1. Fig. 4c, when fitting an unknown curve, R-square becomes meaningless.

We appreciate the reviewer for pointing out the issue regarding the interpretation of R-square. We have removed the R-square value from Fig. 4c.

1. Fig 5a, "oCGIs comprised 65% CGIs that did not directly contact enhancers or promoters". Should it be "oCGIs comprised 65% of all CGIs"?

We appreciate the reviewer for pointing out the clarification needed in Fig 5a. We have revised the phrase in the figure legend to accurately state that “oCGIs comprised 65% of all CGIs”. Thank you for bringing this to our attention.
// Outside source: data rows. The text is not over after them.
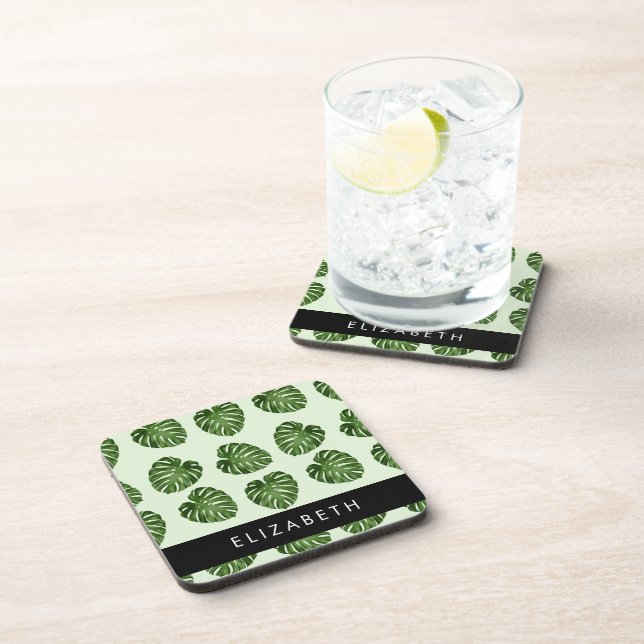 Palm Leaves, Tropical Pattern, Your Name Coaster (Right Side)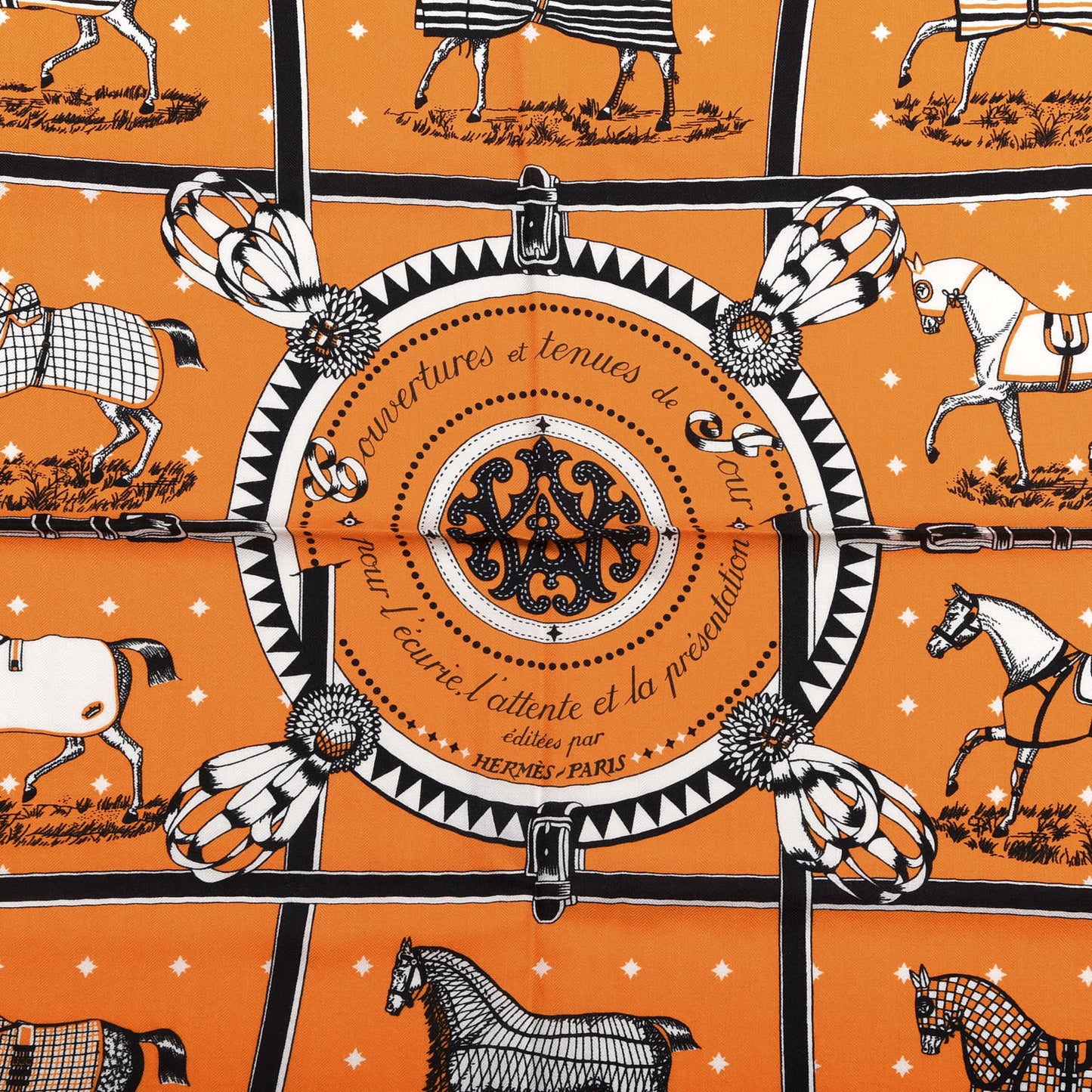 Cashmere Silk Couvertures Et Tenues de Jour Bandana Shawl 140 Orange Black White
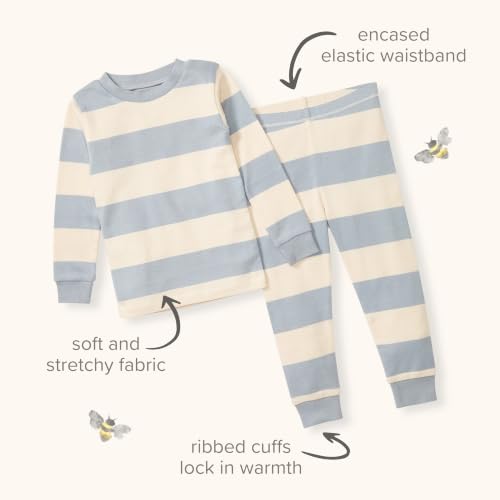 Burt's Bees Baby Organic Cotton Pajamas for Boys, Toddler PJ Set, 2-PC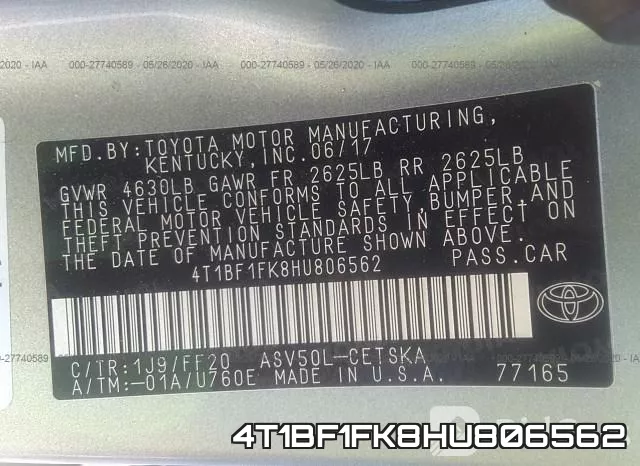4T1BF1FK8HU806562 фото 10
1. Page 15 lines 5-8, "By examining the methylation status on reads, as expected, these read segments demonstrated lower CpG methylation and higher chromatin accessibility (GpC methylation), which further supports their roles in gene activation (Fig 5b)". This statement seems to be inconsistent with the figure legend.

We appreciate the reviewer for pointing out the inconsistency in the legend of Fig 5b. We have revised the legend of Fig 5b to accurately highlight the low CpG methylation on oCGI regions. Thank you for bringing this to our attention.

1. Language editing and proof reading are needed.

I apologize for any errors or mistakes in the language. We have carefully reviewed the manuscript and made the necessary language editing and proofreading revisions to ensure its quality for publication.